What you return must match, exactly, the lines running from the one containing "Владимирская икона Божией" to the end of the data, both included, and must contain no pictures.

[Exercise data]

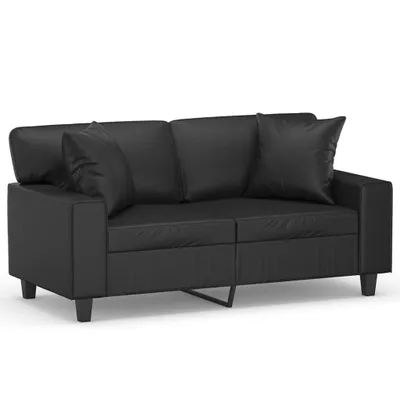 Produktbild von vidaXL 2-Sitzer-Sofa mit Zierkissen Schwarz 120 cm Kunstleder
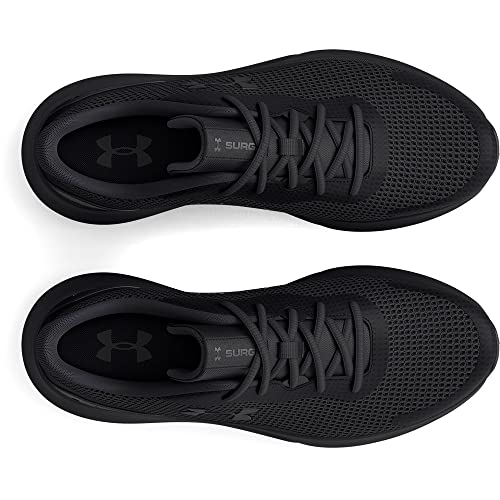 Under Armour Men's Surge 3 Road Running Shoe, (002) Black/Black/Black, 10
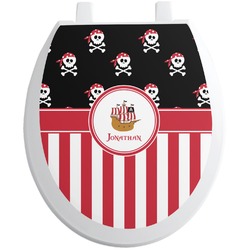 Pirate & Stripes Toilet Seat Decal (Personalized)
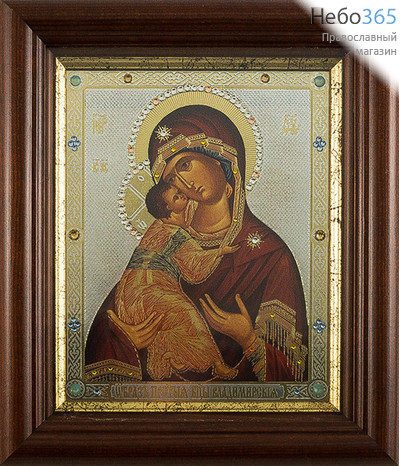  Владимирская икона Божией Матери. Икона в киоте18х21 см, полиграфия, со стразами (Пкт), фото 1 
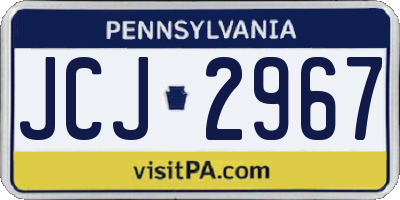 PA license plate JCJ2967
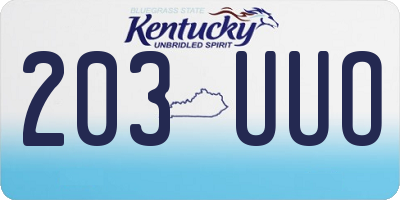 KY license plate 203UUO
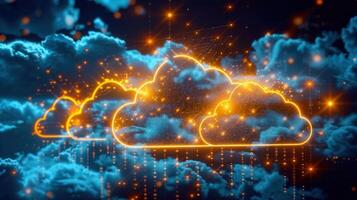 Beautiful cloud computing concept design with glowing golden outlines and a dark sky. photo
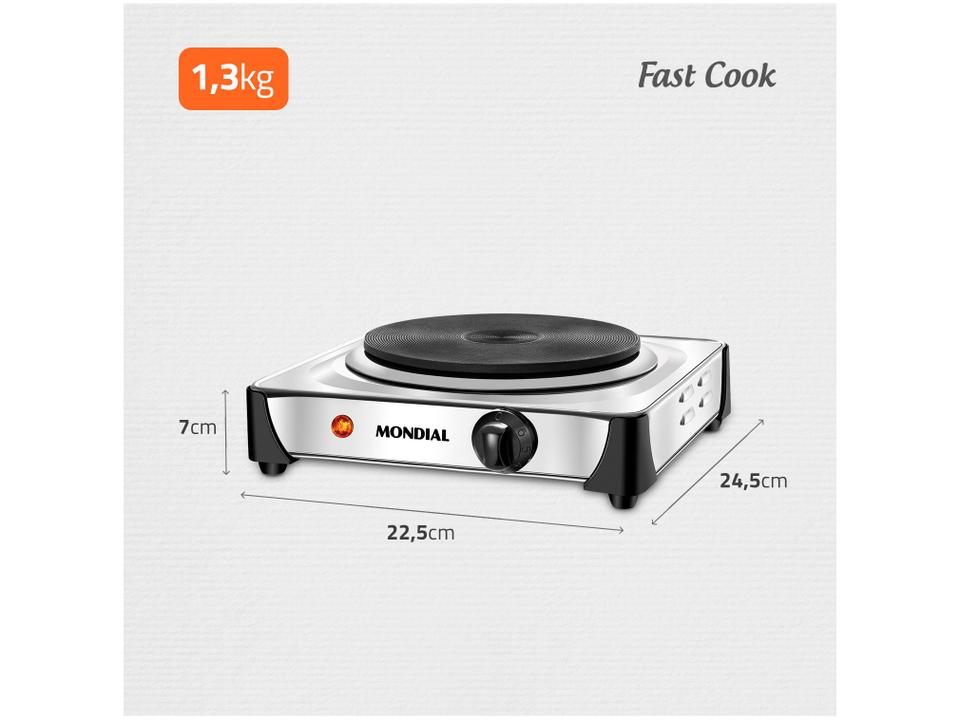 Fogão Elétrico 1 Boca de Mesa Inox 1000W - 4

[/Exercise data]

▶ _Response to the exercise_
  Владимирская икона Божией Матери. Икона в киоте18х21 см, полиграфия, со стразами (Пкт), фото 1 
 PA license plate JCJ2967
 KY license plate 203UUO
 Beautiful cloud computing concept design with glowing golden outlines and a dark sky. photo
 Fogão Elétrico 1 Boca de Mesa Inox 1000W - 4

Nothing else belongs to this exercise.